[Dataset section — start]

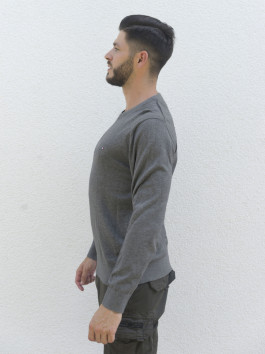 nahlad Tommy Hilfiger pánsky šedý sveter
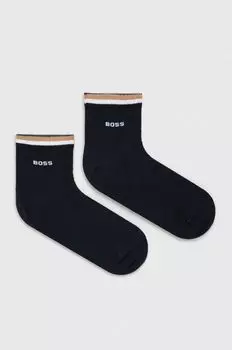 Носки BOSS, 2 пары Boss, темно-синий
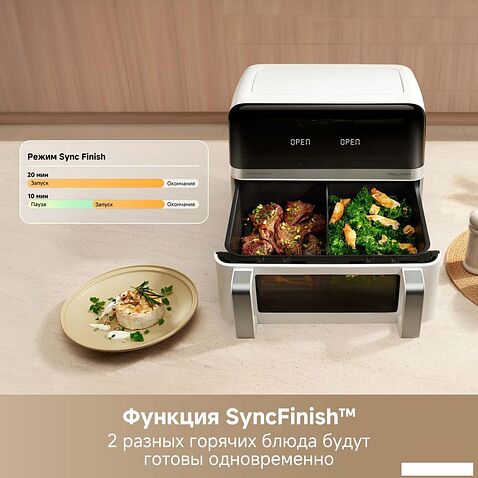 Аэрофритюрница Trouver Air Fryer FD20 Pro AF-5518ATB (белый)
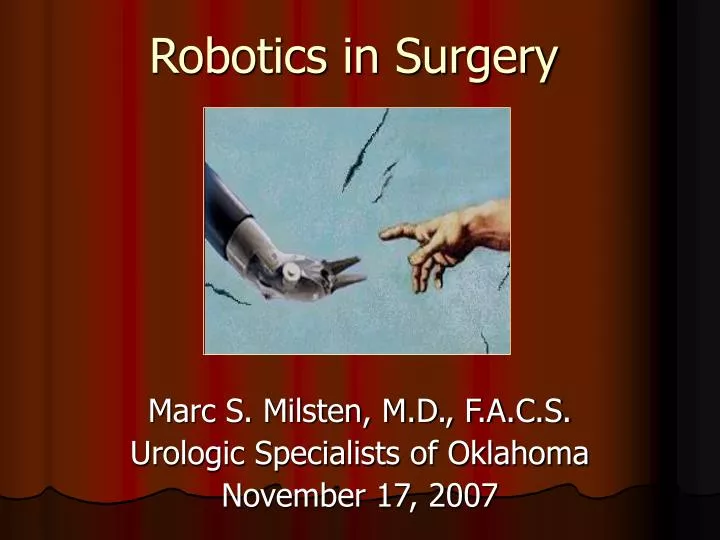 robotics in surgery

[Dataset section — finish]

Return the material word for word. Pictures are not part of the copy.

 nahlad Tommy Hilfiger pánsky šedý sveter
 Носки BOSS, 2 пары Boss, темно-синий
 Аэрофритюрница Trouver Air Fryer FD20 Pro AF-5518ATB (белый)
 robotics in surgery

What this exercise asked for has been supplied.